The informal sector persists and even prospers in some countries. Faced with this situation, are the States involved making progress towards inclusive social protection ?

The issue of informal work is a recurrent one in many countries. Numerous studies have shown the importance of this sector, which nevertheless remains multifaceted. More than 80% of the employed population in Sub-Saharan Africa is employed in the informal sector. The informal sector is very often associated with poverty. The link is not always correct. However, many officials do not know how to approach the issue and would rather devote their efforts to improving coverage for the identified populations (public sector in particular), which does not seem to me to be in line with the objectives of sustainable development and social protection for all. The road to inclusive social protection is still long and will necessarily have to cross other areas such as the fight against child labour or public policies to eradicate corruption.

 

 

What are the difficulties encountered by the countries involved in this extension process ?

The difficulties are both technical and ethical. Our colleagues sometimes have an approach that is too global: they wish to duplicate in their countries a system that exists elsewhere, which is rarely relevant given the particularities of each region. In addition, they overlook the prior analysis of the strengths and weaknesses of their environment, what we call the enabling environment. These technical barriers can be overcome by implementing the ISSA guidelines and our training tools. Thus, the training corpus on extension, developed by the School, now finds its full meaning in this progression.

The ethical barrier lies in the systematic choice of a contributory system to support their social security coverage. The equation: only those who can contribute will benefit from protection is very entrenched. Solidarity with those who have too low an income to contribute remains a concept that is sometimes taboo. However, as we all know, social protection has progressed in Europe thanks to a diversity of approaches: insurance and solidarity. Other countries are finally exploring a third way by offering an optional service, but the penetration rate remains marginal.

Through the sharing of experiences allowed by the seminar format, did you become aware of any initiatives or innovations that could be disseminated ?

We wanted to identify practical examples initiated by some countries to break with this exclusive use of the contributory system.

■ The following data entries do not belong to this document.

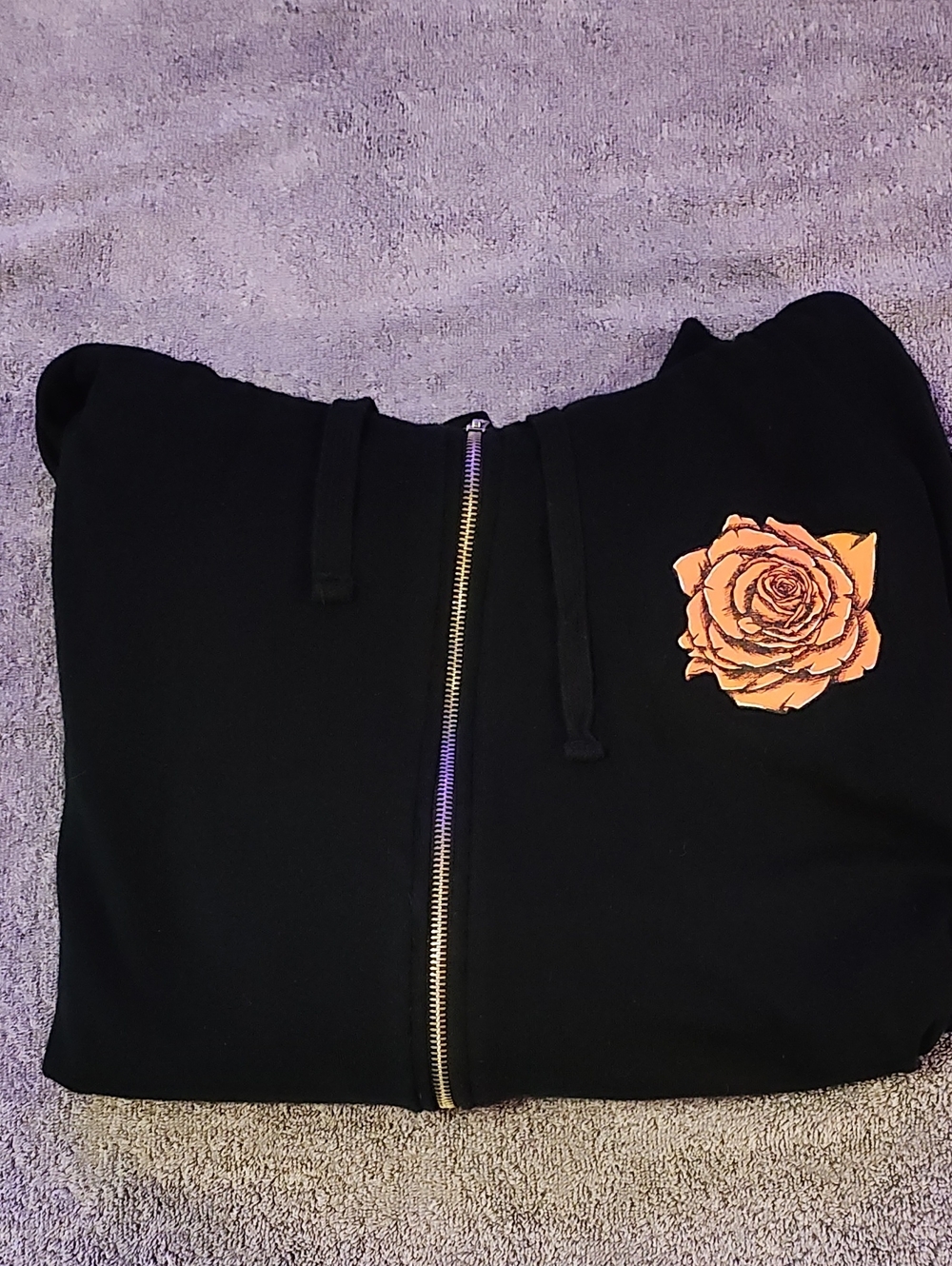 torrid Black Zip Up Hoodie with Orange Rose Accent And Day Of Dead Back.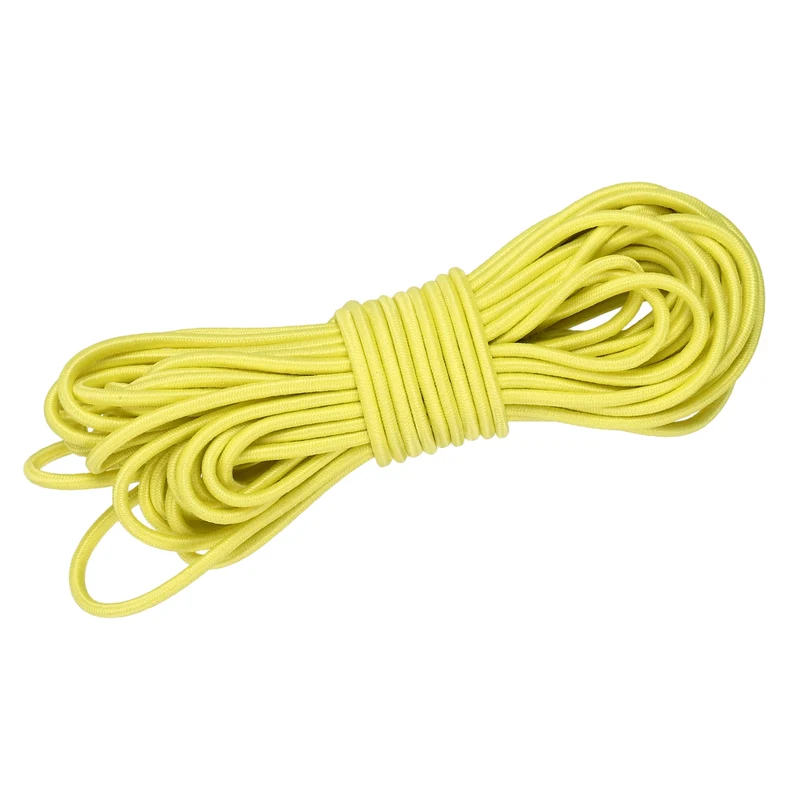 1/8 Inch Elastic Bungee Shock Cords 26 Feet Stretch String Rope, Yellow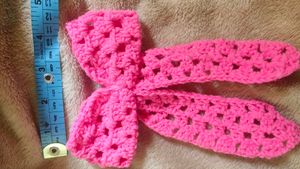 Pink Crochet Hair Bow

Algeria proposes a specific regime for self-employed workers that combines a contributory system and solidarity by allowing craftsmen to enjoy social recognition. The Comoros also wish to develop social coverage for coastal fishermen. I also noted the important efforts made by Cameroon in the context of the prevention of occupational accidents. Several countries (Togo, Central Africa, Mauritania) have also understood that the extension of social protection can be done in a modest and pragmatic way by testing micro-social coverage systems in some of their territories or for the benefit of a particular category of their population (accident prevention for Lomé motorcycle taxis, “Snake-Bite” programme in sub-Saharan Africa for banana pickers exposed to the risks of poisonous snake bites). Tested and evaluated, these programmes spread the “social security” culture to populations that sometimes do not even imagine what social security is all about.

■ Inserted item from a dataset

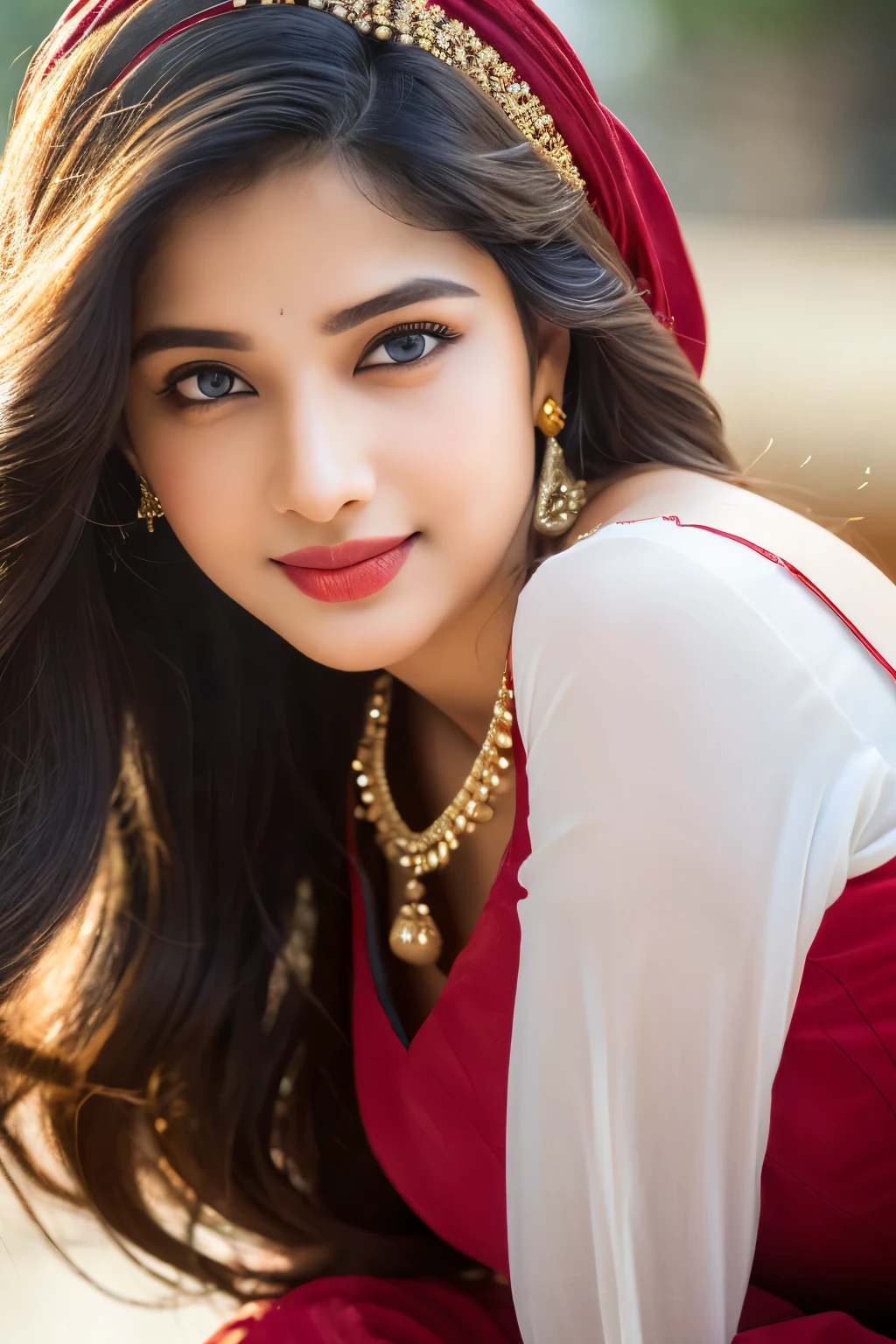 Wear bandhani anarkali dress standing, gorgeous royal, ((Tamanna:1.2)), jewellery, gem, necklace, gold bracelet, anklets, thick lips, skindentation, parted lips, ulzzang-6500-v1.1, portrait of a beautiful Indian woman, From Golden Skin, 27 years old, Pretty woman, Indian model, (in long anarkali dress) (Slim abdomen), (Perfect slim figure), (Dynamic pose), Solo, ((open crotch)), (((bare ass))), (Slim:1.1), 1 woman, (Full figure:0.9), Beautifully detailed sky, sunny day, Mumbai city, On the street, detailed Mumbai street, Indian clothes,(( long sleeve dress)), ((long red anarkali dress)), medium hair, smile, closed mouth, lips, Long red anarkali dress covered with full body, detailed beautiful round eyes, Indian women, Asian women, Beautiful face, photorealistic, rim lighting, two-tone lighting, gold bracelet, thick lips, indentation, parted lips, (detailed eyes), light blonde hair, blue eye, details still clear, honey-coloured, fluffy turned, HDR, shallow depth of field, broad light, backlighting, bloom, light sparkles, chromatic aberration, sharp focus, Nikon Z 85mm, unparalleled masterpiece, ultra-realistic 8k photos, best quality masterpiece, best quality, (photorealistic:1.2), (realistic:1.5), (hyperrealistic:1.2),(photorealistic face:1.2), (close up:1.6), (light blonde hair), (blue eyes), ((big cheeks)), (beautiful face:1.8), (detailed face:1.6), (medium breast:1.2), (detailed bright eyes:1.5), (eyelashes:1.4), (smiling:1.3), (detailed long black hair), (long red anarkali dress:1.5), (narrow waist:1.5), (thigh: 1.5), (realistic human skin:1.6), (full curvy body) (detailed eyes), (seductive pose), (detailed facial features), (detailed clothes features), (necklace), (earrings), (bracelet), ( Long red bandhani anarkali dress), (Photorealistic:1.4), (High Quality: 1.2), Raw photo, (Perfect body shape), Uniform, Deep shadows, Unobtrusive, Cold light 12000K,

Following this intervention, you were accredited as an ISSA expert. In what form(s) do you plan to continue your contribution to the extension of social security coverage ?

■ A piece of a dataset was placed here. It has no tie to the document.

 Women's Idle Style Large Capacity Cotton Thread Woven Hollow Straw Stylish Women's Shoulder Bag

This international recognition allows me to work alongside decision-makers and managers and to participate, with them, in this formidable project to extend social protection throughout the world. It is also an opportunity to recall that social protection is not only a question of technology, it is also an ethical ambition. As such, the French experience deserves to be popularized, including in Asia and the Pacific. These meetings are also an opportunity to disseminate, enrich and adapt our international training offer while strengthening the expertise of EN3S, whose image remains very strong.